We assume good quality synthetic data would allow us to draw the same analytic conclusions as we can draw from real data. Hence, we compare the predictive performance of several machine learning algorithms that are trained with the synthetic data and tested by real data with those trained and tested both by real data. We use the variable 'income' as our prediction task to determine whether a person makes over $50,000 a year given personal information

library(mlr)
lrns <- makeLearners(c("rpart", "logreg"), type = "classif",
                     predict.type = "prob")
# lrns <- makeLearners(c("rpart", "logreg", "randomForest"), type = "classif",
#                      predict.type = "prob")

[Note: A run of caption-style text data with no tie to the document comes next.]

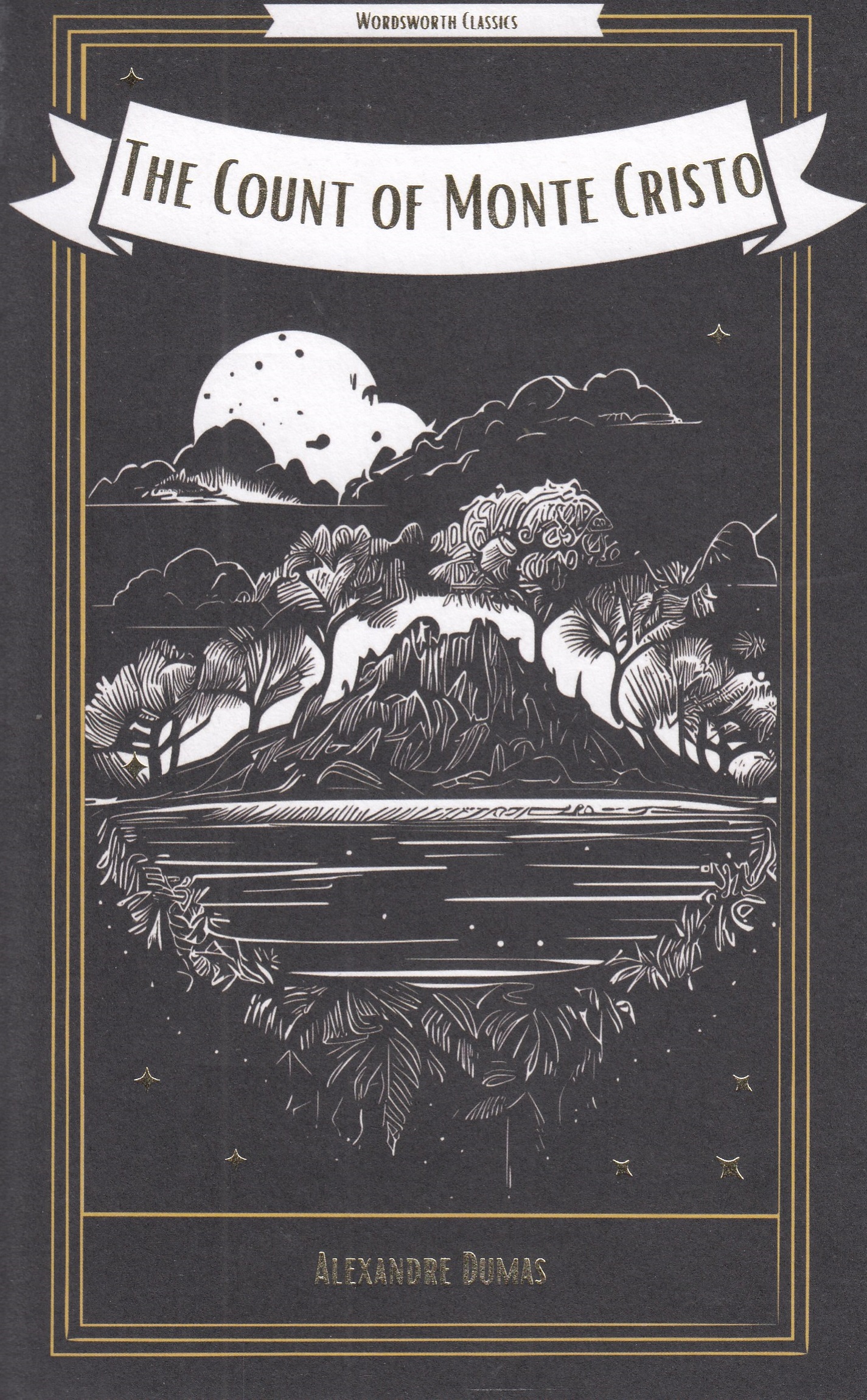 Wordsworth Readers: Count of Monte Cristo by Dktoday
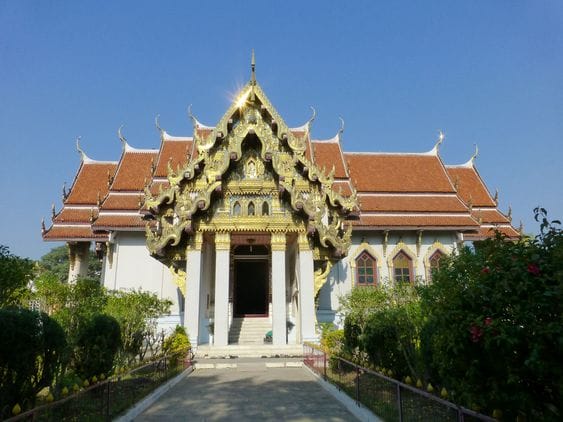 Thai Monastery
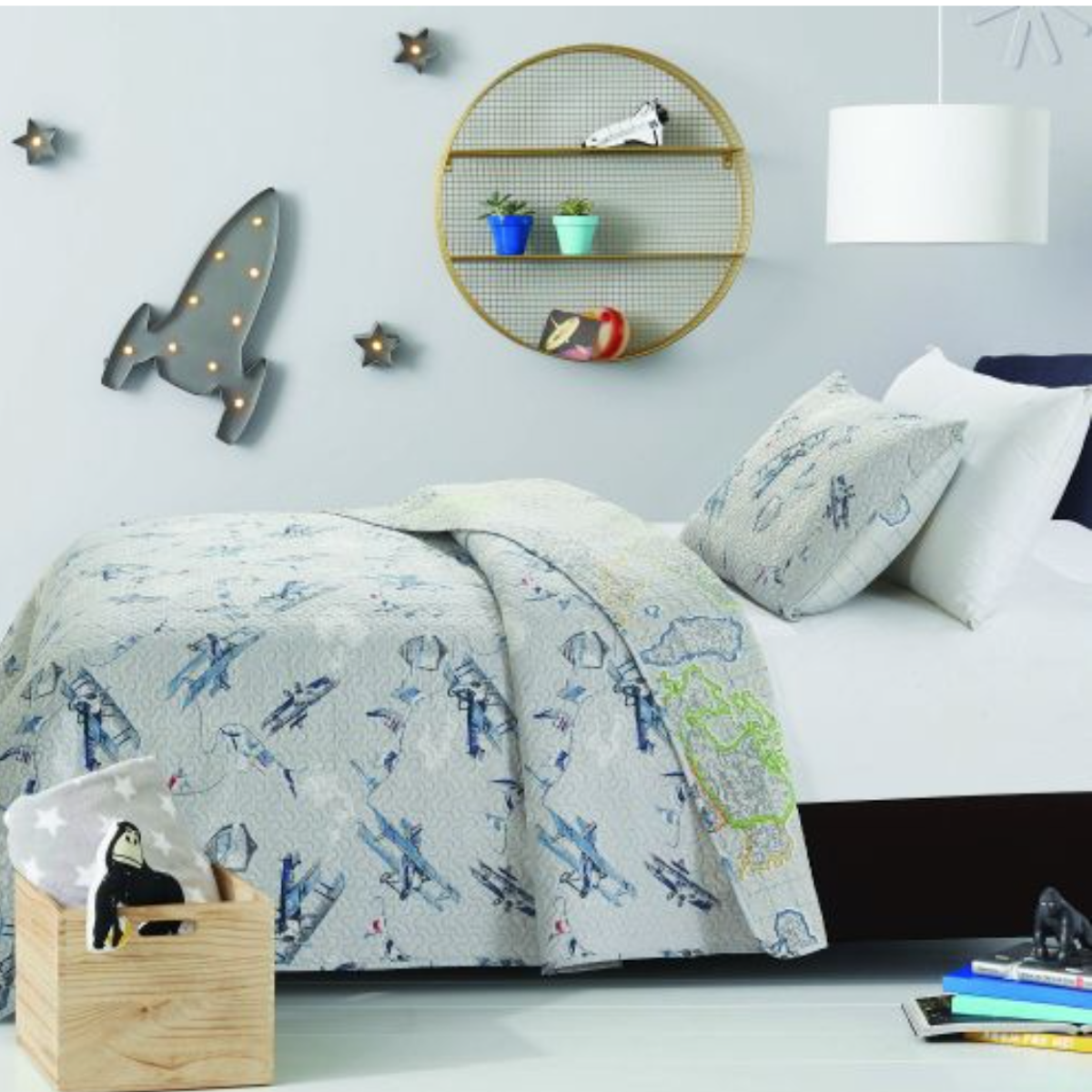 Kids Bedding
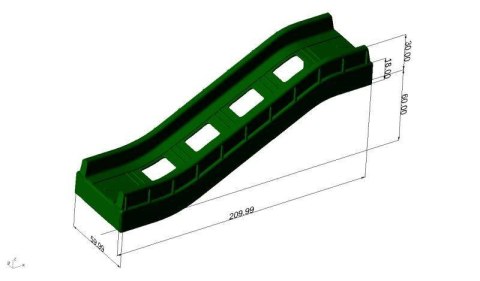 ERS Maxi blocks 80 el.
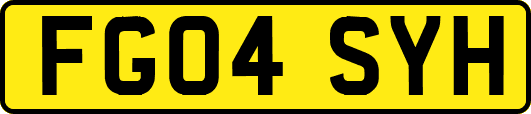 FG04SYH
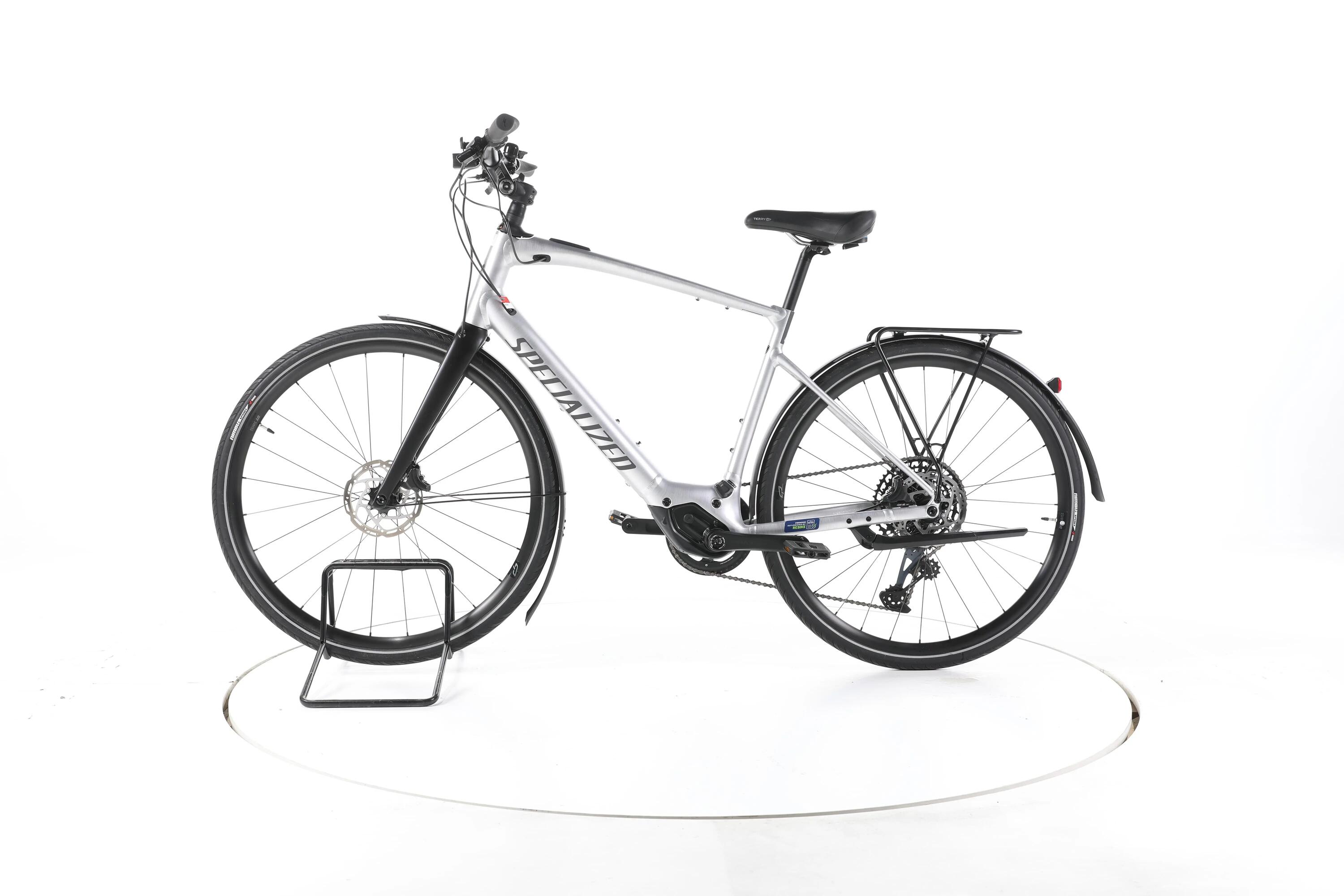 Second Life - Specialized Turbo Vado SL 5.0 EQ Trekking - Bardzo dobry stan 6/7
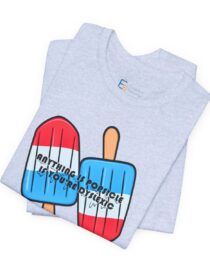 Anything is Popsicle if You're Dyslexic - Adult Tee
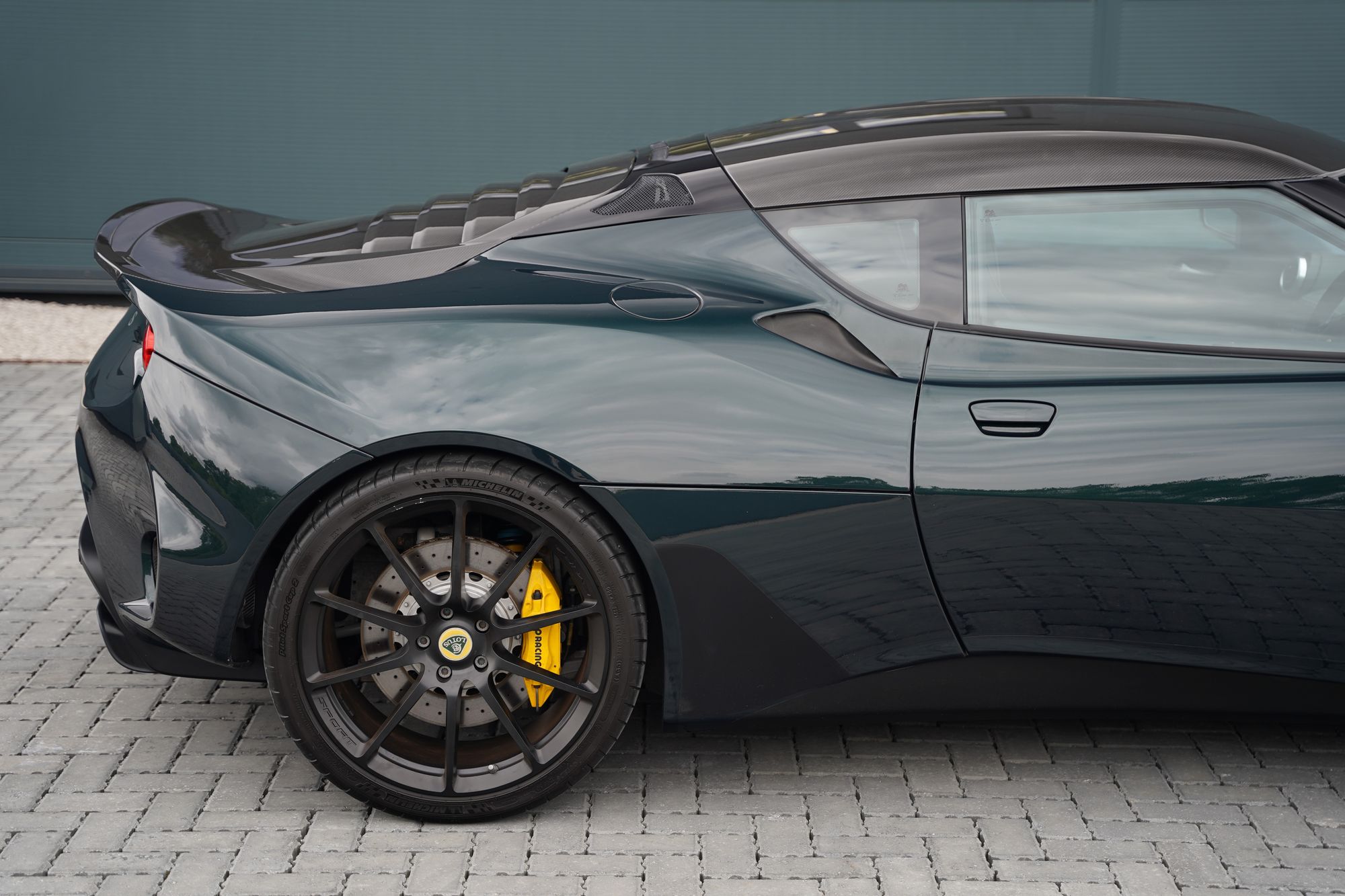 2018 Lotus Evora GT410 Sport 2+0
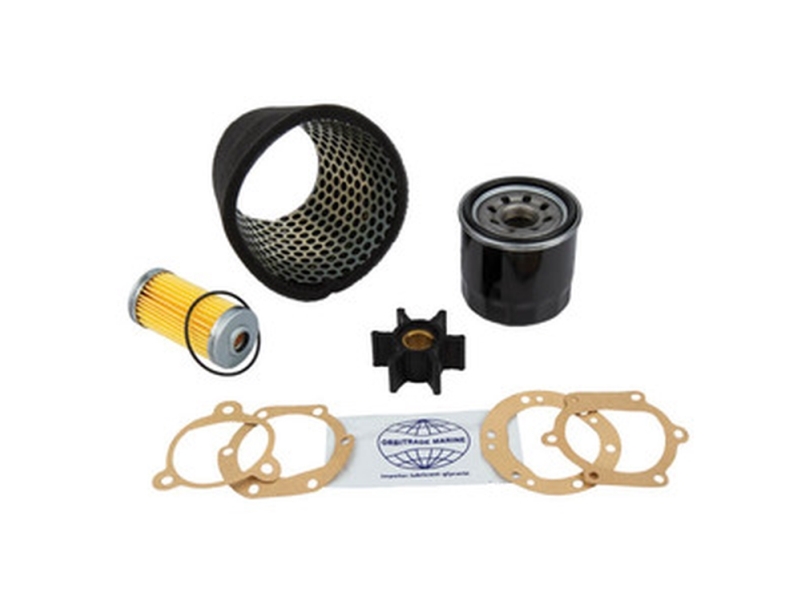 Orbitrade servicekit 2GMF, 2GM20F, 3GMF, 3GM30F | Marin - Motor och styrning - Orbitrade | GameStuff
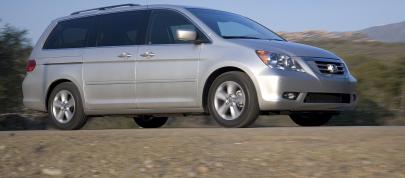 Honda Odyssey (2009) - picture 4 of 14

measurements <- list(acc, ber, f1, auc)
bmr <- compare_sdg(lrns, measurement = measurements, target_var = "income",
                      real_dataset = adult_data,
                      generated_data1 = cart_elicit$gen_data,
                      generated_data2 = bn_learn$gen_data,
                      generated_data3 = bn_elicit$gen_data)
names(bmr$results) <- c("Real_dataset", "CART_elicit", "BN_learn", "BN_elicit")

We can see in this example, models trained by data from CART and BN_learn both have very similar predictive performance as those trained by real dataset.